Two days after forward Marty Erat confirmed he’s asked the Capitals to trade him, the agent for defenseman Dmitry Orlov said he has asked general manager George McPhee to trade the 22-year-old blue liner.
“Obviously, what Dmitry would like is to be traded,” agent Mark Gandler told CSNWashington.com Wednesday, “because he has no future in Washington whatsoever, zero chance for him.
“I think his value as a player is diminishing with every day and the team is losing valuable time and also ruining his career.”
Taken by the Capitals in the second round of the 2009 NHL draft, Orlov played 60 games under Dale Hunter two seasons ago and played five more games under Adam Oates last season.
This year, he has been recalled from the Hershey Bears five times but has yet to play a game for the Capitals. In 10 games for the Hershey Bears Orlov is fourth on the team in scoring with three goals and six assists for nine points.
Gandler and McPhee confirmed that Orlov, who is in the final year of his three-year entry-level contract, has a clause in it that states he has the right to play in the Kontinental Hockey League if he is on the Capitals’ roster fewer than 30 days before Jan. 1. Orlov has spent 19 days on the Caps’ roster, all of them as a practice player.
“It’s getting for him increasingly difficult to handle this, emotionally and also physically,” Gandler said. “He’s coming into Washington knowing he’s not going to get into the game no matter what. God forbid, this team would have to go down with the flu for Dmitry to get in – everyone.

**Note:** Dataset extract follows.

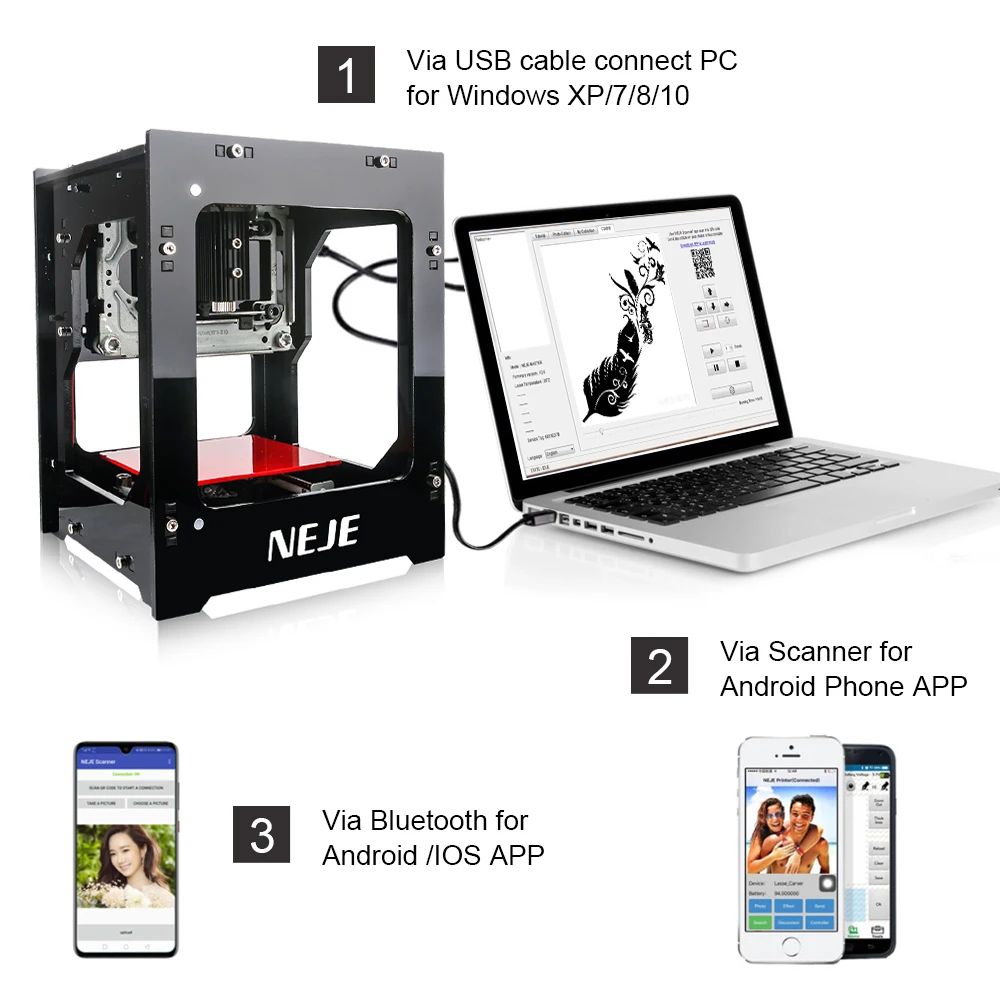 NEJE DK-8-KZ 3000mW DIY Desktop Mini CNC Laser Engraver Cutter Engraving Wood Cutting Machine Router with Bluetootwith Bluttooth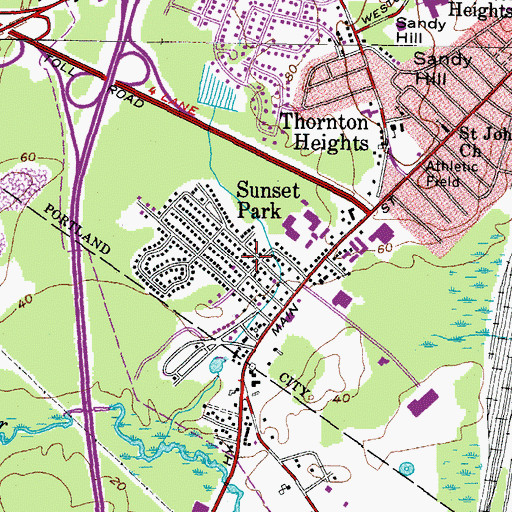 Topographic Map of Sunset Park, ME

“He has to train hard, and then he has to get in the car and drive hours back to Hershey and work hard there and keep his head in the game and play hard and play well. That is very, very difficult to do for no reason whatsoever.
“If he’s not an NHL player there’s no reason to marinate him in the minors,” Gandler continued. “Let him go. The easier solution, and it’s a great solution for everybody, is for him to be traded. I’ve been in this business 25 years. I don’t think there is a problem finding a team that would like him.”
McPhee told CSNWashington.com part of the reason the Capitals have recalled Orlov so often is because they want him to be ready for when he is placed in the lineup.
“We really like the way he’s playing and we’re looking forward to that day he goes in,” McPhee said.
McPhee also noted that when left-handed shooting defenseman John Erskine was sidelined with an injury on Oct 11, the Capitals would have recalled Orlov if he did not have pink eye. Instead, the Cps recalled rookie Nate Schmidt and he’s played every game since.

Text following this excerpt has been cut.